Without limiting the generality of this provision, the singular
number includes the plural the plural number includes the singular,
and the term "person" includes both a corporation and a natural
person.

     8.7  DIVIDENDS

     The directors of the corporation, subject to any restrictions
contained in (i) the General Corporation Law of Delaware or (ii)
the certificate of incorporation, may declare and pay dividends
upon the shares of its capital stock.  Dividends may be paid in
cash, in property, or in shares of the corporation's capital stock.
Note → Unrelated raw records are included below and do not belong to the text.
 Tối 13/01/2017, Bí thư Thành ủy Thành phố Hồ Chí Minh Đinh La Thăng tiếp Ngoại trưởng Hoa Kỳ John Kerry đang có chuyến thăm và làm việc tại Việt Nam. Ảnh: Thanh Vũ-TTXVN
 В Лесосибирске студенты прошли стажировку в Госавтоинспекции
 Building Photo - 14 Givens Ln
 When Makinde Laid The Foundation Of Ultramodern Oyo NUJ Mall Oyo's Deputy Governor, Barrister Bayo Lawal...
     The directors of the corporation may set apart out of any of
the funds of the corporation available for dividends a reserve or
reserves for any proper purpose and may abolish any such reserve.
Such purposes shall include but not be limited to equalizing
dividends, repairing or maintaining any property of the corporation
and meeting contingencies.

     8.8  FISCAL YEAR

     The fiscal year of the corporation shall be fixed by
resolution of the board of directors and may be changed by the
board of directors.

     8.9  SEAL

     The corporation may adopt a corporate seal, which may be
altered at pleasure, and may use the same by causing it or a
facsimile thereof to be impressed or affixed or in any other manner
reproduced.

     8.10 TRANSFER OF STOCK

     Upon surrender to the corporation or the transfer agent of the
corporation of a certificate for shares duly endorsed or
accompanied by proper evidence of succession, assignation or
authority to transfer, it shall be the duty of the corporation to
issue a new certificate to the person entitled thereto, cancel the
old certificate and record the transaction in its books.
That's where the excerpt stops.